# Task objective:
Return exactly the lines below, starting with the one that has "Dressmaking workshop interior" and going on through the one that has "a house view with a garden space".

◇ ◇ ◇ ◇

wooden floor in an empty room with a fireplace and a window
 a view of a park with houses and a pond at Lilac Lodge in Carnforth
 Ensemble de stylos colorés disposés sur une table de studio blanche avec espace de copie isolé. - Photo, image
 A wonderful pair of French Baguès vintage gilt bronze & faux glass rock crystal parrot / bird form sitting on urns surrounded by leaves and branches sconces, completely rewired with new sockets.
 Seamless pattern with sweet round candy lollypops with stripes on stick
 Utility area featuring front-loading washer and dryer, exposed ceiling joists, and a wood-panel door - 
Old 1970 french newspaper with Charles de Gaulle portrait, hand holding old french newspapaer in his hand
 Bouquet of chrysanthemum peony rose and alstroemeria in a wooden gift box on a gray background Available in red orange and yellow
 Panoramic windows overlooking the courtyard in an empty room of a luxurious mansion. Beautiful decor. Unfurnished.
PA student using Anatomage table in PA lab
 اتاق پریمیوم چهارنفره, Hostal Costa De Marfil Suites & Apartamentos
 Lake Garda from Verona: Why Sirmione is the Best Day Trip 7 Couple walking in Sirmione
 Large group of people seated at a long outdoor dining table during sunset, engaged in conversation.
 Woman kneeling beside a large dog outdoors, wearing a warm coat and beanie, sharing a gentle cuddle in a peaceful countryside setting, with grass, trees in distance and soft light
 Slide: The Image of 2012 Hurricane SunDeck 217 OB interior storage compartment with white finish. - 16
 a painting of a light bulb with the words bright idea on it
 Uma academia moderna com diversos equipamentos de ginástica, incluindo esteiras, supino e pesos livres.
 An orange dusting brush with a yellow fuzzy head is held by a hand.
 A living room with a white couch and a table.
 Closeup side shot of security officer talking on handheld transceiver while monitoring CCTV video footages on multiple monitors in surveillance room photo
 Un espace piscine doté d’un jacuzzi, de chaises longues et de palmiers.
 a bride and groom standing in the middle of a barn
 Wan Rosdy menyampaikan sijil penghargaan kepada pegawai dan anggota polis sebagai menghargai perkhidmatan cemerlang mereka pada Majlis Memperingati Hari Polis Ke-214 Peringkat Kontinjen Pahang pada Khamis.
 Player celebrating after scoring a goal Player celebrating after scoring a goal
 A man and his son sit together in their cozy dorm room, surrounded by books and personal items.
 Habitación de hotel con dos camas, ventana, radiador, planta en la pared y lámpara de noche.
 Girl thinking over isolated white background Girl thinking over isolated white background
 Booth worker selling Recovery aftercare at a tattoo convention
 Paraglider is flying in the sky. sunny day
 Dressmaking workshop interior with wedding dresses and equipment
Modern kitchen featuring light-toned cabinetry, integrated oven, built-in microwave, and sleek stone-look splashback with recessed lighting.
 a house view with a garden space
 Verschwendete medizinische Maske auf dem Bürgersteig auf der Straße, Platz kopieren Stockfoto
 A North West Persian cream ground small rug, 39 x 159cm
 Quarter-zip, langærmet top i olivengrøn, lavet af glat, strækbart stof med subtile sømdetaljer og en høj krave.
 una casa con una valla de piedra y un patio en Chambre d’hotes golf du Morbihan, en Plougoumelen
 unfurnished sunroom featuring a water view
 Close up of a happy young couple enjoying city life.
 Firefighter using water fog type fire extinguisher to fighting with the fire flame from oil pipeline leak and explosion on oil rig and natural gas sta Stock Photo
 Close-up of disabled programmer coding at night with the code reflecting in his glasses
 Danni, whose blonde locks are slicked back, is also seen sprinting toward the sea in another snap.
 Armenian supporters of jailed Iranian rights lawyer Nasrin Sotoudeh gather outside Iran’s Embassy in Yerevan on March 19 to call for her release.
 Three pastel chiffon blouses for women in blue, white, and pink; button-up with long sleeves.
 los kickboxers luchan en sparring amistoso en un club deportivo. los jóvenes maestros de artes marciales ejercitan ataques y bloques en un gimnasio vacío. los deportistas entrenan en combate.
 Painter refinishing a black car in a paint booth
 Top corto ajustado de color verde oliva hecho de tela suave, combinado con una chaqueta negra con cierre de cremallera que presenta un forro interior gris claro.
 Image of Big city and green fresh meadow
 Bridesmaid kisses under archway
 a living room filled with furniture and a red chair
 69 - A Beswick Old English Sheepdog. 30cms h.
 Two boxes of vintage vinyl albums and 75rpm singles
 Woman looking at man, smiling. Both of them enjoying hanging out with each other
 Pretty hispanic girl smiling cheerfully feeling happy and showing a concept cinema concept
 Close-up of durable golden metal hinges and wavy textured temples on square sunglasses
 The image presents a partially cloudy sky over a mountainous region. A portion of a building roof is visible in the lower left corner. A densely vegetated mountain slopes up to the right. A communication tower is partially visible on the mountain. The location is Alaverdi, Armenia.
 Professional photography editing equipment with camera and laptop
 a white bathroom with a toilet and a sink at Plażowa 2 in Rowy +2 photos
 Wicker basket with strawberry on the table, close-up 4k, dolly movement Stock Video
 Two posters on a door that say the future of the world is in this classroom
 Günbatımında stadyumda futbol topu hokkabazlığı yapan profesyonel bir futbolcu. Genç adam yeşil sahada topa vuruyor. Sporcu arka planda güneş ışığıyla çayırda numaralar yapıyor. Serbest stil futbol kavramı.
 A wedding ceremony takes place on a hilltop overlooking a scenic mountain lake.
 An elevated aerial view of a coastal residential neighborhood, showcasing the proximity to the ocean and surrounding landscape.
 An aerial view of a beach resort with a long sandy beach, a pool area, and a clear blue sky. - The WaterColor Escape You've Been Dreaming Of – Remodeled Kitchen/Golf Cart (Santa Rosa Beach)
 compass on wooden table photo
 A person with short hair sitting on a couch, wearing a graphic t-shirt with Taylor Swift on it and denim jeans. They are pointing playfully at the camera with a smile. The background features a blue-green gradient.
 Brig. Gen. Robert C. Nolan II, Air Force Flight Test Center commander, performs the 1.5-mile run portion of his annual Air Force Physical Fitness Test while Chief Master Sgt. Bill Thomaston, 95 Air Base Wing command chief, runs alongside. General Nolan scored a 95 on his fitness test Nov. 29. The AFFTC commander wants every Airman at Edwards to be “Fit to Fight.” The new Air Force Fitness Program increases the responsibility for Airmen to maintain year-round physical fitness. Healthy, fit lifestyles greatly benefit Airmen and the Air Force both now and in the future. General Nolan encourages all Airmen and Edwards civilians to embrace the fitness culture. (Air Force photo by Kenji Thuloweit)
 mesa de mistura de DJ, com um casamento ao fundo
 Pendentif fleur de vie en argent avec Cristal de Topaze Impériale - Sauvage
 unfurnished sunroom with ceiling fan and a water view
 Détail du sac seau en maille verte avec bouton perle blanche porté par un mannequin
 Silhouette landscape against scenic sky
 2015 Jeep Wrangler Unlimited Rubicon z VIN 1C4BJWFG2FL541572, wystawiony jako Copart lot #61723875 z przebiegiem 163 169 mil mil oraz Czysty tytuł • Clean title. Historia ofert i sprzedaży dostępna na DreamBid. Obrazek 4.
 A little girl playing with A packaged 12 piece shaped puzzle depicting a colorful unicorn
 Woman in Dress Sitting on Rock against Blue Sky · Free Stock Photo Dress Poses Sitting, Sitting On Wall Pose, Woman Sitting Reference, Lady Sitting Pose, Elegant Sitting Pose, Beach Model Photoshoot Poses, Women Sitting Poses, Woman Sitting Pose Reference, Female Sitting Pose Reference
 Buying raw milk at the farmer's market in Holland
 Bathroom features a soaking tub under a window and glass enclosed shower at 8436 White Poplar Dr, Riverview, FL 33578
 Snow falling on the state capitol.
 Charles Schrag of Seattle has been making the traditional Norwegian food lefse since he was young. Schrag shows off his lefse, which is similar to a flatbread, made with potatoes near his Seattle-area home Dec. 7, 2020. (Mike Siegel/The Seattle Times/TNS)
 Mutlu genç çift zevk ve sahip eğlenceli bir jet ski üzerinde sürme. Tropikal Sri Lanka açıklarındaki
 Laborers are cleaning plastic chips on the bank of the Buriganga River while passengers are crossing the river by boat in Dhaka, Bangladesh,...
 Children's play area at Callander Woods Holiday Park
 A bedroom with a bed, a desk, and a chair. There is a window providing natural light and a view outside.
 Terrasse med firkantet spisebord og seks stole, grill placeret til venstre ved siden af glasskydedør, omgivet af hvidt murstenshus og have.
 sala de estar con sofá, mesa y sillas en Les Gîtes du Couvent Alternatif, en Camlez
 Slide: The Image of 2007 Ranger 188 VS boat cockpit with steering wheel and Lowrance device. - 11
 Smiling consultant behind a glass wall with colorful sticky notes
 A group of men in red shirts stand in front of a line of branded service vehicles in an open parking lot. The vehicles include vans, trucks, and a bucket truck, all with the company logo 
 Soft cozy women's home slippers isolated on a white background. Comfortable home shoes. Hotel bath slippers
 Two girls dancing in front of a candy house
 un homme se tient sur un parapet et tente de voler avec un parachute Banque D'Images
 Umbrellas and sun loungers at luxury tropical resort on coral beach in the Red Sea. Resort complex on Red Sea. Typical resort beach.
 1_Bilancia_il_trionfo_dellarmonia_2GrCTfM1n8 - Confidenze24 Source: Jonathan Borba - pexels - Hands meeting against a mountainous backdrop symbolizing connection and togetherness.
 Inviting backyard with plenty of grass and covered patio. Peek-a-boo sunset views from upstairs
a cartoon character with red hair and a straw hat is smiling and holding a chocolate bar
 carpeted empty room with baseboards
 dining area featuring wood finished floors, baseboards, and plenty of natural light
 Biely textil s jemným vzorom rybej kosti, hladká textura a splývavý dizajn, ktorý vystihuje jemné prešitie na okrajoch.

◇ ◇ ◇ ◇

# Exercise answer:
 Dressmaking workshop interior with wedding dresses and equipment
Modern kitchen featuring light-toned cabinetry, integrated oven, built-in microwave, and sleek stone-look splashback with recessed lighting.
 a house view with a garden space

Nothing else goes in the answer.